REQUIRED ACTION:
Retype the data exactly, skipping any picture in it.

DATA SECTION:
·····

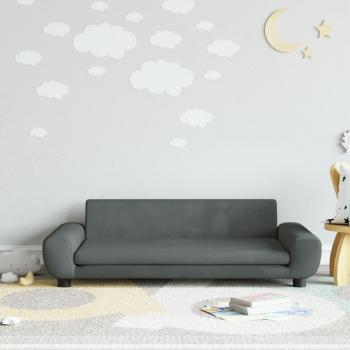 Sofá para niños gris oscuro de terciopelo 100x54x33 cm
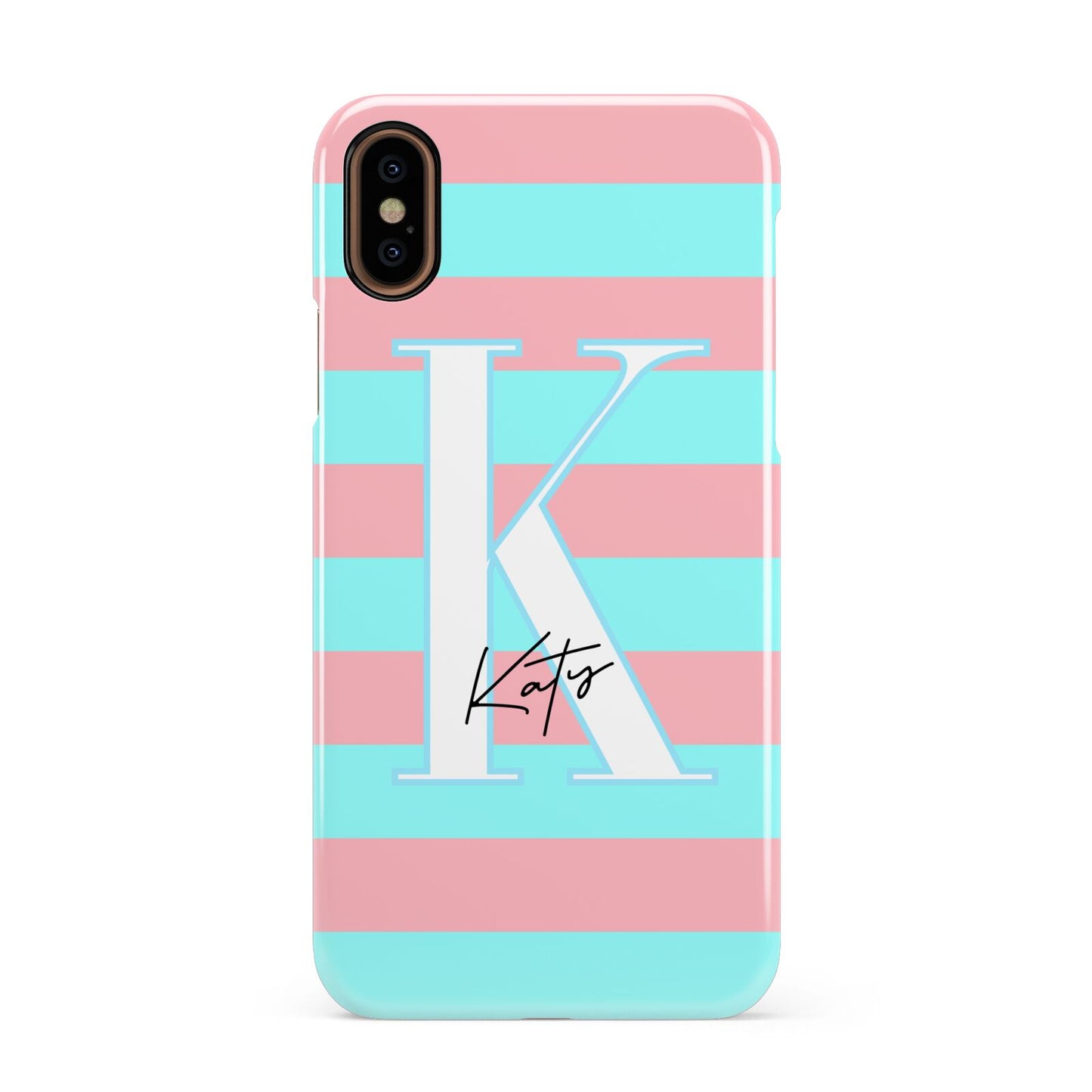 Personalised Blue Pink Striped Initial Apple iPhone XS 3D Snap Case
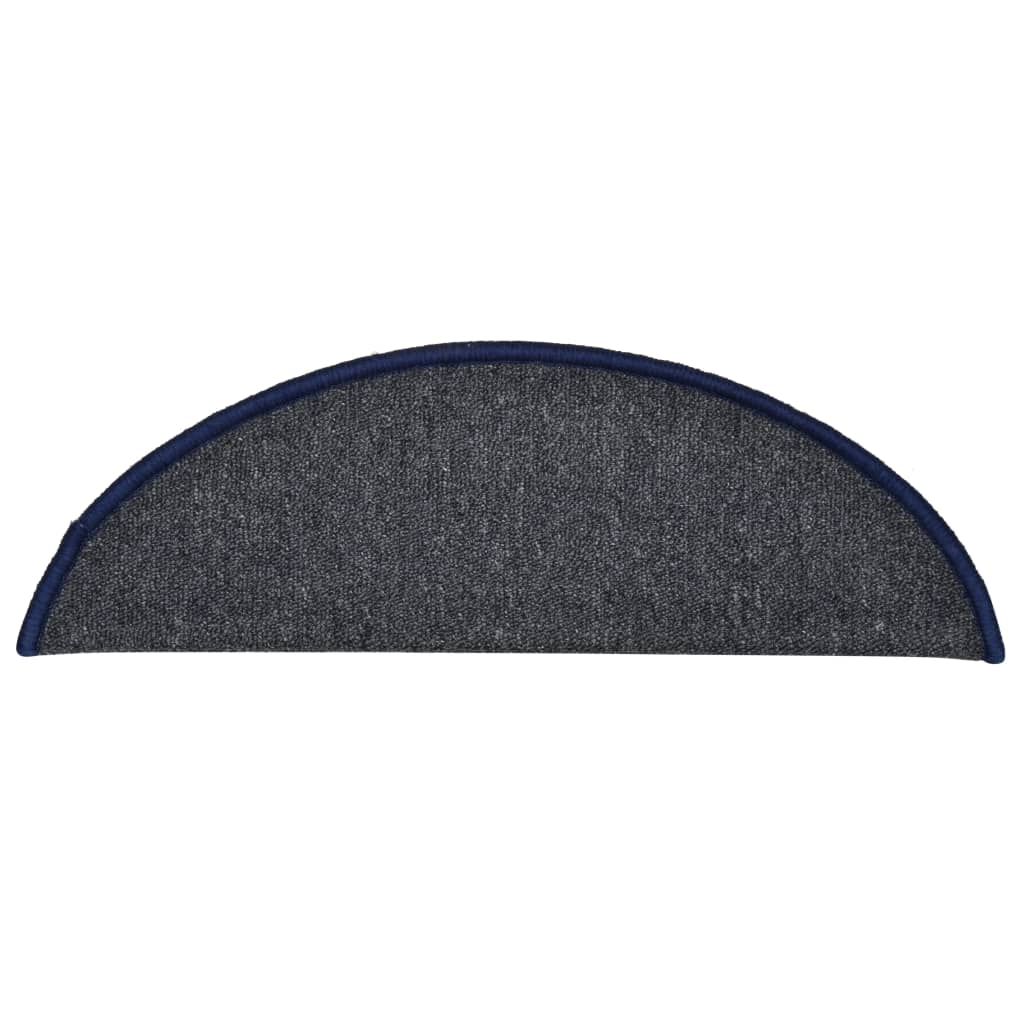 Trapmatten 15 st 56x17x3 cm donkergrijs en blauw halfrond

·····

PROBLEM SOLUTION:
 Sofá para niños gris oscuro de terciopelo 100x54x33 cm
 Personalised Blue Pink Striped Initial Apple iPhone XS 3D Snap Case
 Trapmatten 15 st 56x17x3 cm donkergrijs en blauw halfrond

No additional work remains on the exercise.